Coping with Pandemic Stress

Coping with Pandemic Stress

 

By Olivia Nash-Dolby.

For many of us, the typical lockdown schedule can feel a bit like Groundhog Day: wake up, put on a pair of tracksuit pants and a business shirt, shake off-screen fatigue to prepare for a day of Zoom meetings, check the COVID-19 case numbers for the day, maybe get out for a walk on your lunch break. Perhaps you also have to manage your child’s remote learning whilst trying to squeeze some work in, or are in a share-house and have to take meetings in your bedroom. These situations are far from ideal and many Australians are struggling to manage stress as a result of the pandemic.

Also, FYI stress is a reaction to a stressor. Simply put, stress is what we feel when something that cerates stress i.e., a stressor occurs.

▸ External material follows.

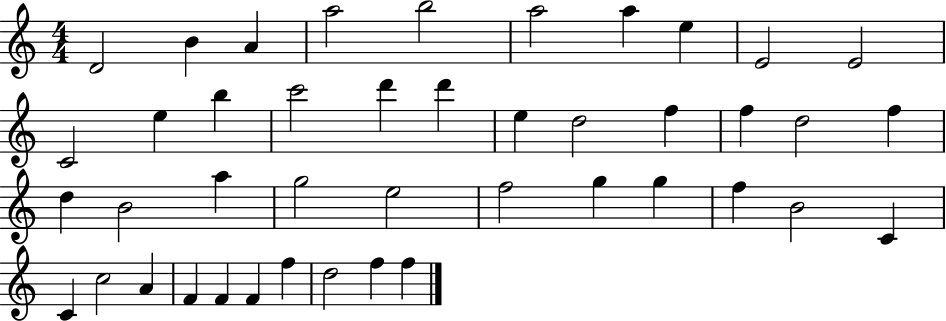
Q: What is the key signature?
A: C major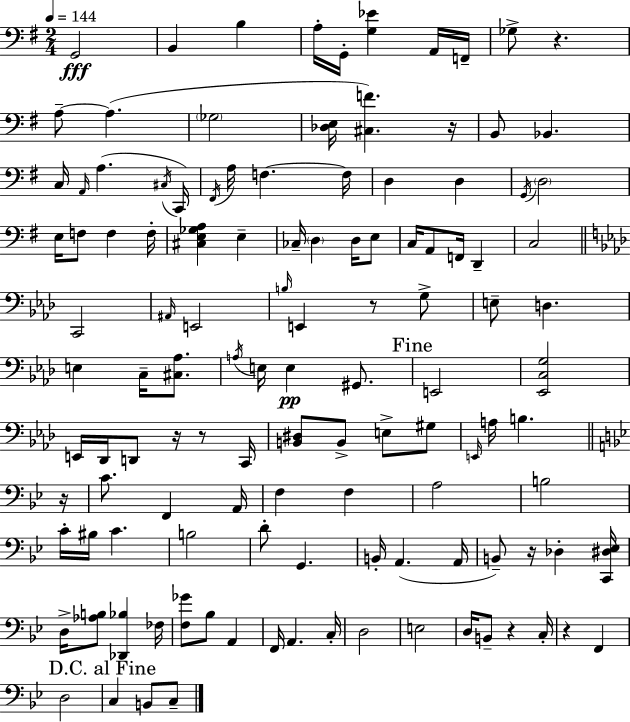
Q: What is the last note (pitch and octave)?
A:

Stress is a normal and natural part of the human experience – in fact, it serves a very important purpose! For example, if a car in front of us suddenly stops (stressor), our body produces adrenaline and cortisol (the “stress hormones”) resulting in the “fight, flight or freeze” response (stress). This gives us focussed thinking and increased energy levels to help us respond in time and slam on our brakes.

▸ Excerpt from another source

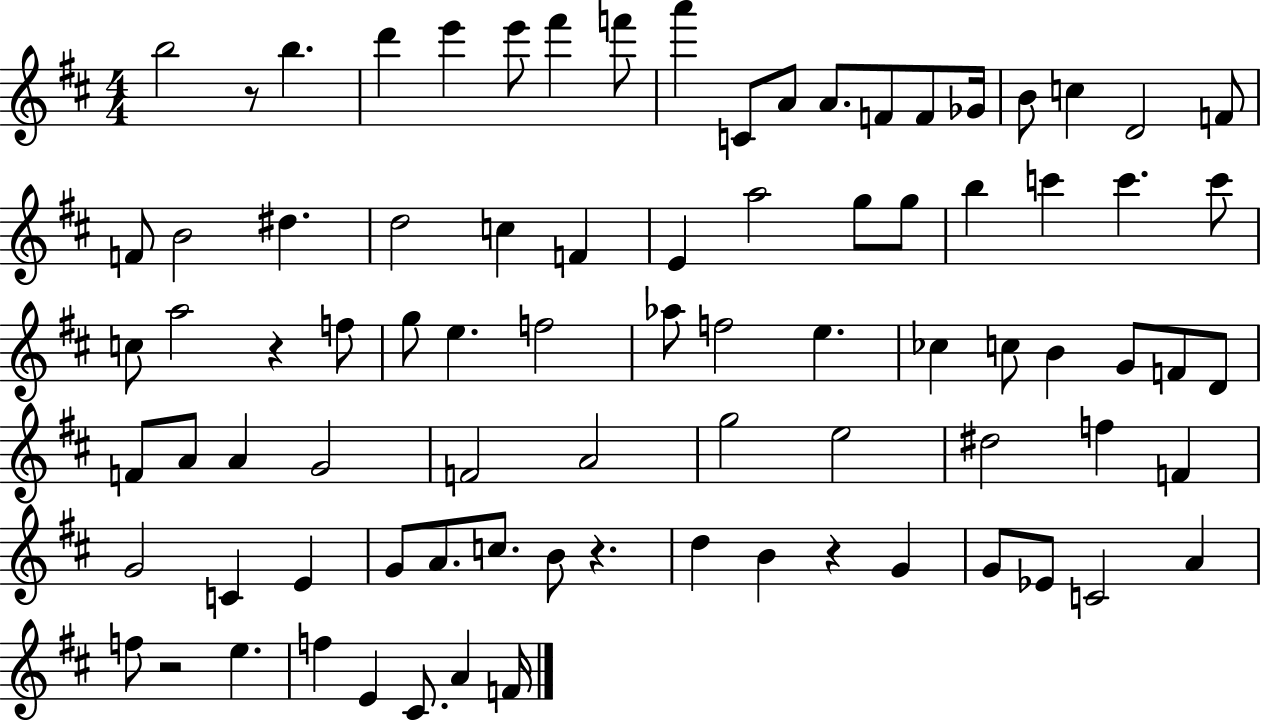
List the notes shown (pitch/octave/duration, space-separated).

As we can see, stress quite often comes to a natural end within a matter of minutes.

Problems occur when our stressors and therefore stress doesn’t let up. Ever-present and fluctuating stress because of the pandemic can keep us in a state of high alert and, aside from leading to an increased risk of physical health issues, can also cause increased levels of depression and anxiety.

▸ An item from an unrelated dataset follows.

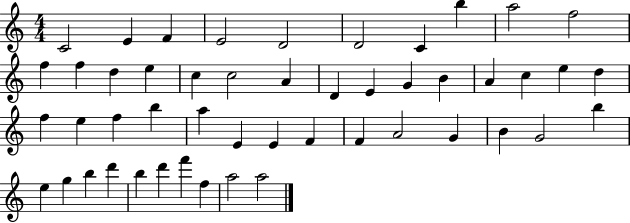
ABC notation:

But never fear! Here are a few quick and simple ways to change the way you respond to stress and to feel calmer within a matter of days:

  1. Be in cold water: Go for a swim in the ocean, a lake or a pool. If this isn’t possible, try running cold water for the last 30 seconds of your shower.
  2. Breathing exercises: Breath in through your nose for 5 seconds (making sure that you feel your ribcage expanding) and breathe out through your mouth for 10 seconds.
  3. Social connection: Put on your favourite song and get your family or housemates to join you in a dance party.
  4. Do things that you love: Small, familiar things to bring you joy. For example, gardening, cooking, journaling, painting etc.

 

These activities stimulate the vagus nerve, which is known as the “care-taking nerve” of the body. The vagus nerve constantly assesses our environment and influences how stressed we feel. It is the main component of the parasympathetic nervous system, which helps us to feel relaxed in the “rest and digest” state. If the vagus nerve is activated in times of stress, it can help calm us and protect our bodies from the physical impacts of stress. This is important in COVID times when the outside world doesn’t always feel safe and the lockdown routine has removed many ways that we cope with stress.

The more we do activities that stimulate the vagus nerve, the more effective they will become in times of stress (think of it like training at the gym). Try to avoid stressful situations after you do these activities, so you stay in a relaxed state as long as possible.